The output root file contains a tree with a Data class per detector. Such class are designed to hold uncalibrated data inside std::vector. At this stage no analysis is performed.
Step 3: Tree Trimming (Merge)
To perform the merge we want to produce an nptool root file that is entry match with the anaroot root file. Since an entry is produce in the nebula plus root file for every received trigger from SAMURAI DAQ, the tree should be already entry match.
However the faster trigger merger has a limitation of 127 channel within a single event. Some events have more than 127 channel (about 1 every 30 Millions during cosmic run). The issue cause faster trigger merger to put the 127 first QDC hit of the event in a special group (group 0), and leave alone the hit in the trigger channel (channel 189). During the merge the group 0 events are kept in the output tree but they do not match any entry in the anaroot file, as they contain no trigger TS. The corresponding trigger is left alone in a separate entry that match the anaroot one.
When this happen the difference in time between entry n of nptool tree and entry n of anaroot tree will have a time difference greater than 1us. If this is the case, the entry is dropped from the Nebula Plus output root file.
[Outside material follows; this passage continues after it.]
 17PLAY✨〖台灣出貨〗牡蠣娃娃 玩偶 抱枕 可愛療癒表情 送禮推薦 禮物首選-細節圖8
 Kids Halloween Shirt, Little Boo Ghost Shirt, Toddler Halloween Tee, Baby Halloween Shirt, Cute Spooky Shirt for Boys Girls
The trimmed tree is produced using the nebp_anaroot_merger utility from the nebula-plus nptool plugin.
nebp_anaroot_merger --window 1000 --nptool root,<treename>,<filename> --anaroot root,<treename><filename> --output root,<treename>,<filename>
Here the arguments are:
- –window <window lenth in ns> : acceptable TS diff between nebula plus and nebula
- –nptool: list of space separated root file containing a nebula-plus branch
- –anaroot: a single root file from anaroot with a TS branch
- –nptool-tree-name <tree name> : optional flag specifying the tree name inside the nebula plus root file. Default is “DataTree”.
- –anaroot-tree-name : optional flag specifying the tree name inside the anaroot root file. Default is “tree”.
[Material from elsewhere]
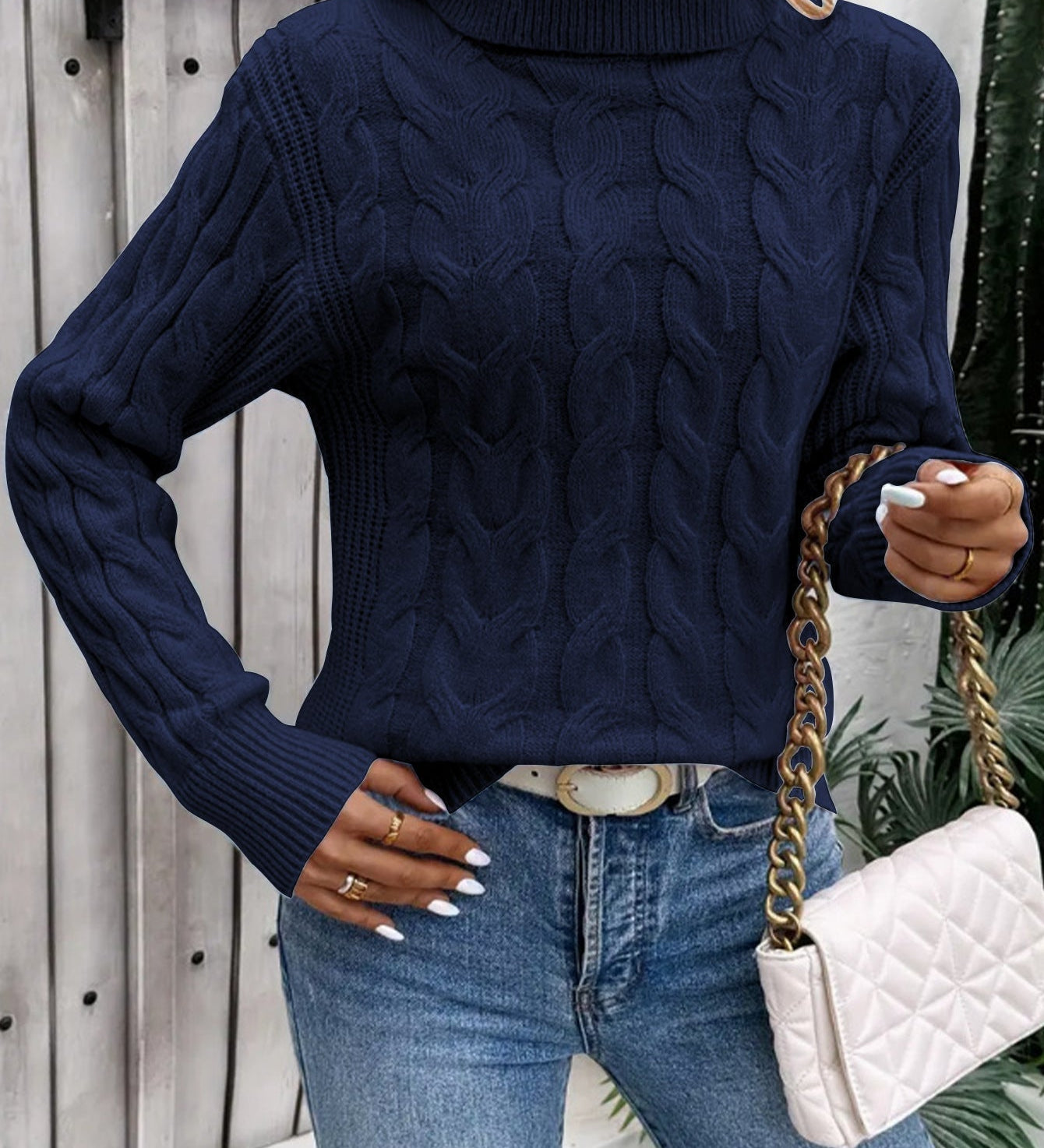 Anna™ | Elegant Round Neck Knit Sweater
The output root file should be of equal length, or smaller than the corresponding anaroot file and could be associated with it using the Friend Tree mechanism.
On expandacq
On expandacq a Snakemake workflow has been implemented to run all of the step mentioned above automatically. Like make, Snakemake has a set of rule to produce necessary file for each steps. If a file already exist it will not be recreated, unless the rule for producing it has been changed.
The workflow is configured using a yaml file. Here is a sample yaml file:
# processing chain for fast file # fast -> group -> data -> merged -> physics run: start: 220 stop: 240 # main data path data_path: "data" # experiment name exp_name: "Test_SAMURAI" # base name of the run basename: "nebnptest" # for remote nebula download: anaroot_basename: "nebula0"
Here is the content of the Snakefile currently used. The first section of the file is written in plain python and use information from analysis.yaml to produce a list of output file, i.e. one merged file per run. The following sections contains rules to make each intermediate file.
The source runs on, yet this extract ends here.